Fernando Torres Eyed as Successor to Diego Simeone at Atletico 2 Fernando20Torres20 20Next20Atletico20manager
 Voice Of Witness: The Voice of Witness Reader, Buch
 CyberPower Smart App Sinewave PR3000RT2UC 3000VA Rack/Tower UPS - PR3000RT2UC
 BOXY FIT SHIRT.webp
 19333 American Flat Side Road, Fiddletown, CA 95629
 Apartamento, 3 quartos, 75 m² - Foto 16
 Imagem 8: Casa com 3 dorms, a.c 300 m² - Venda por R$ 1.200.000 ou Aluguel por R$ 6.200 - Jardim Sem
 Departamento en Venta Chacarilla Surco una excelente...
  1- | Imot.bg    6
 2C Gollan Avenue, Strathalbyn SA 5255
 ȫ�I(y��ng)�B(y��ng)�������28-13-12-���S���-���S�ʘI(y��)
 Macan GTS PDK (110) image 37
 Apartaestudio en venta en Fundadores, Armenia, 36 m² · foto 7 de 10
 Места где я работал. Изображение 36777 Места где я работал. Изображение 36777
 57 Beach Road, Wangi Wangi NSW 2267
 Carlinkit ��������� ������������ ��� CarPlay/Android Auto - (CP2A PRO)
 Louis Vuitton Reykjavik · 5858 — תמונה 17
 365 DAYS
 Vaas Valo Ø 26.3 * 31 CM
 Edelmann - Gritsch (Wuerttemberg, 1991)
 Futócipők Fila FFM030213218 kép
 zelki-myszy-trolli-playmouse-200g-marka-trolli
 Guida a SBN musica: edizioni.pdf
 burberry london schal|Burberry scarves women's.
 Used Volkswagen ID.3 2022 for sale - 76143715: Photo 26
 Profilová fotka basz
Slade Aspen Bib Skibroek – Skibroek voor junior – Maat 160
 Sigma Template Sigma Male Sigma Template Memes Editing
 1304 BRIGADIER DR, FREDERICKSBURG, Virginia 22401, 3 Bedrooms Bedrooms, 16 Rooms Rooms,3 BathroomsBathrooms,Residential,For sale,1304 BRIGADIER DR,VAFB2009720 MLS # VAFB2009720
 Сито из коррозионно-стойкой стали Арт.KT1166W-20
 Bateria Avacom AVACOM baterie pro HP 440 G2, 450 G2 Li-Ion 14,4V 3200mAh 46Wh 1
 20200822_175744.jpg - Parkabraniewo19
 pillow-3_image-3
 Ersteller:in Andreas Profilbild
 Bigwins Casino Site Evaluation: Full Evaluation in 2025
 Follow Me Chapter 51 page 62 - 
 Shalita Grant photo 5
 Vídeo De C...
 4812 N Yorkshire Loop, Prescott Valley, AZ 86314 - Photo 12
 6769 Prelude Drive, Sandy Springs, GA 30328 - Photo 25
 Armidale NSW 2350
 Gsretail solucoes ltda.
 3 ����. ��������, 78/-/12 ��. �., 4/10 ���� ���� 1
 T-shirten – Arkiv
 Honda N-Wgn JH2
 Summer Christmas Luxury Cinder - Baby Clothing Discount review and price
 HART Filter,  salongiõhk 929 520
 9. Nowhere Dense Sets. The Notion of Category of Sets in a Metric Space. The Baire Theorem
# # # # # # #
PROBLEM DETAILS: Write out the whole listing above, keeping each line exactly as it is.

EXERCISE ANSWER:
Fernando Torres Eyed as Successor to Diego Simeone at Atletico 2 Fernando20Torres20 20Next20Atletico20manager
 Voice Of Witness: The Voice of Witness Reader, Buch
 CyberPower Smart App Sinewave PR3000RT2UC 3000VA Rack/Tower UPS - PR3000RT2UC
 BOXY FIT SHIRT.webp
 19333 American Flat Side Road, Fiddletown, CA 95629
 Apartamento, 3 quartos, 75 m² - Foto 16
 Imagem 8: Casa com 3 dorms, a.c 300 m² - Venda por R$ 1.200.000 ou Aluguel por R$ 6.200 - Jardim Sem
 Departamento en Venta Chacarilla Surco una excelente...
  1- | Imot.bg    6
 2C Gollan Avenue, Strathalbyn SA 5255
 ȫ�I(y��ng)�B(y��ng)�������28-13-12-���S���-���S�ʘI(y��)
 Macan GTS PDK (110) image 37
 Apartaestudio en venta en Fundadores, Armenia, 36 m² · foto 7 de 10
 Места где я работал. Изображение 36777 Места где я работал. Изображение 36777
 57 Beach Road, Wangi Wangi NSW 2267
 Carlinkit ��������� ������������ ��� CarPlay/Android Auto - (CP2A PRO)
 Louis Vuitton Reykjavik · 5858 — תמונה 17
 365 DAYS
 Vaas Valo Ø 26.3 * 31 CM
 Edelmann - Gritsch (Wuerttemberg, 1991)
 Futócipők Fila FFM030213218 kép
 zelki-myszy-trolli-playmouse-200g-marka-trolli
 Guida a SBN musica: edizioni.pdf
 burberry london schal|Burberry scarves women's.
 Used Volkswagen ID.3 2022 for sale - 76143715: Photo 26
 Profilová fotka basz
Slade Aspen Bib Skibroek – Skibroek voor junior – Maat 160
 Sigma Template Sigma Male Sigma Template Memes Editing
 1304 BRIGADIER DR, FREDERICKSBURG, Virginia 22401, 3 Bedrooms Bedrooms, 16 Rooms Rooms,3 BathroomsBathrooms,Residential,For sale,1304 BRIGADIER DR,VAFB2009720 MLS # VAFB2009720
 Сито из коррозионно-стойкой стали Арт.KT1166W-20
 Bateria Avacom AVACOM baterie pro HP 440 G2, 450 G2 Li-Ion 14,4V 3200mAh 46Wh 1
 20200822_175744.jpg - Parkabraniewo19
 pillow-3_image-3
 Ersteller:in Andreas Profilbild
 Bigwins Casino Site Evaluation: Full Evaluation in 2025
 Follow Me Chapter 51 page 62 - 
 Shalita Grant photo 5
 Vídeo De C...
 4812 N Yorkshire Loop, Prescott Valley, AZ 86314 - Photo 12
 6769 Prelude Drive, Sandy Springs, GA 30328 - Photo 25
 Armidale NSW 2350
 Gsretail solucoes ltda.
 3 ����. ��������, 78/-/12 ��. �., 4/10 ���� ���� 1
 T-shirten – Arkiv
 Honda N-Wgn JH2
 Summer Christmas Luxury Cinder - Baby Clothing Discount review and price
 HART Filter,  salongiõhk 929 520
 9. Nowhere Dense Sets. The Notion of Category of Sets in a Metric Space. The Baire Theorem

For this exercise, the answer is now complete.